A variable capacitance diode is known as a varicap diode or as a varactor. If a diode is reverse biased, an insulating depletion region forms between the two semiconductive layers. In many diodes the width of the depletion region may be changed by varying the reverse bias. This varies the capacitance. This effect is accentuated in varicap diodes.

Varicap diode: Capacitance varies with reverse bias. This varies the frequency of a resonant network.

Snap Diode:

The snap diode, also known as the step recovery diode is designed for use in high ratio frequency multipliers up to 20 gHz. When the diode is forward biased, charge is stored in the PN junction. This charge is drawn out as the diode is reverse biased. The diode looks like a low impedance current source during forward bias. When reverse bias is applied it still looks like a low impedance source until all the charge is withdrawn.

It then “snaps” to a high impedance state causing a voltage impulse, rich in harmonics. An applications is a comb generator, a generator of many harmonics. Moderate power 2x and 4x multipliers are another application.

PIN Diodes:

A PIN diode is a fast low capacitance switching diode. Do not confuse a PIN switching diode with a PIN photo diode here. A PIN diode is manufactured like a silicon switching diode with an intrinsic region added between the PN junction layers. This yields a thicker depletion region, the insulating layer at the junction of a reverse biased diode. This results in lower capacitance than a reverse biased switching diode.

Pin diode: Cross section aligned with schematic symbol.

IMPATT Diode:

IMPact Avalanche Transit Time diode is a high power radio frequency (RF) generator operating from 3 to 100 gHz. IMPATT diodes are fabricated from silicon, gallium arsenide, or silicon carbide.

An IMPATT diode is reverse biased above the breakdown voltage. The high doping levels produce a thin depletion region. The resulting high electric field rapidly accelerates carriers which free other carriers in collisions with the crystal lattice. Holes are swept into the P+ region. Electrons drift toward the N regions. The cascading effect creates an avalanche current which increases even as

The cascading effect creates an avalanche current which increases even as voltage across the junction decreases. The pulses of current lag the voltage peak across the junction. A “negative resistance” effect in conjunction with a resonant circuit produces oscillations at high power levels (high for semiconductors).

IMPATT diode: Oscillator circuit and heavily doped P and N layers.

Gunn Diode:

A Gunn diode is solely composed of N-type semiconductor. As such, it is not a true diode. Figure below shows a lightly doped N layer surrounded by heavily doped N+ layers. A voltage applied across the N-type gallium arsenide Gunn diode creates a strong electric field across the lightly doped N layer.

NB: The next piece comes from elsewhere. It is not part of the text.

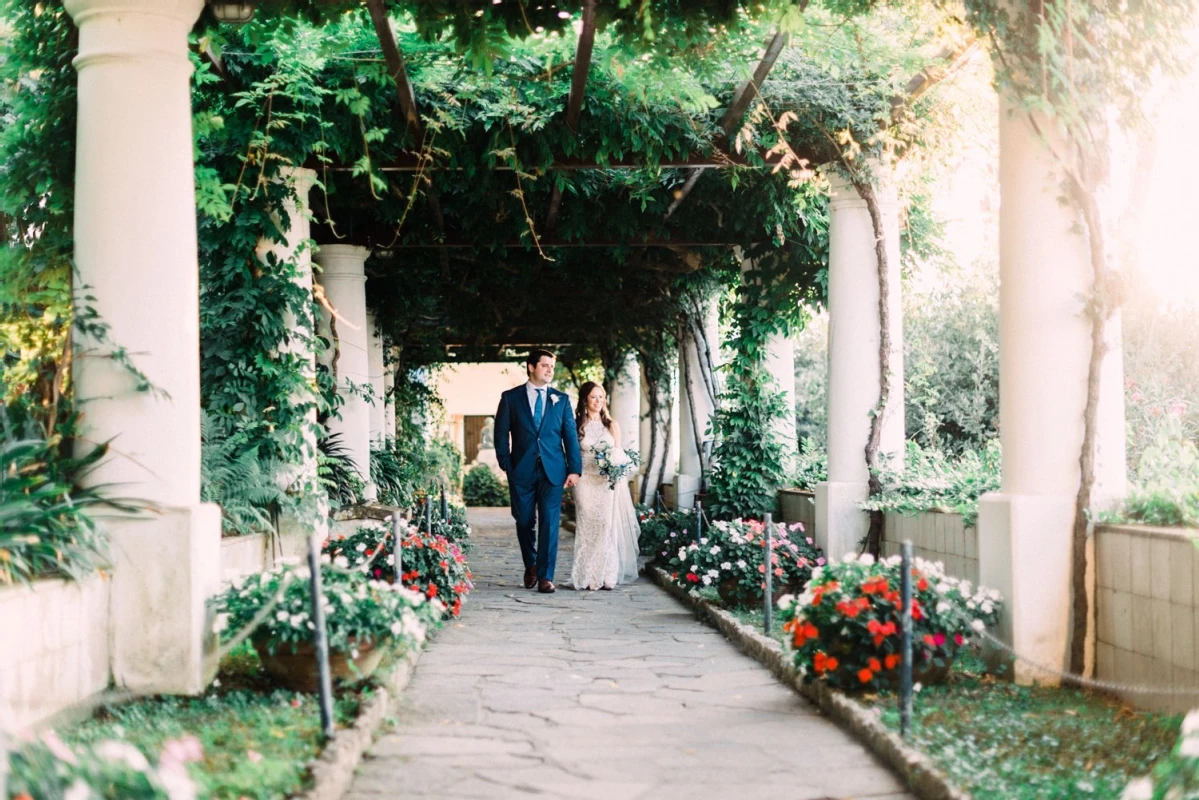 A Waterfront Wedding for Caroline and Anthony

Gunn diode: Oscillator circuit and cross section of only N-type semiconductor diode.

Constant-current Diodes:

A constant-current diode, also known as a current-limiting diode, or current regulating diode, does exactly what its name implies: it regulates current through it to some maximum level. The constant current diode is a two terminal version of a JFET. If we try to force more current through a constant-current diode than its current-regulation point, it simply “fights back” by dropping more voltage.

Constant current diode: (a) Test circuit, (b) current vs voltage characteristic.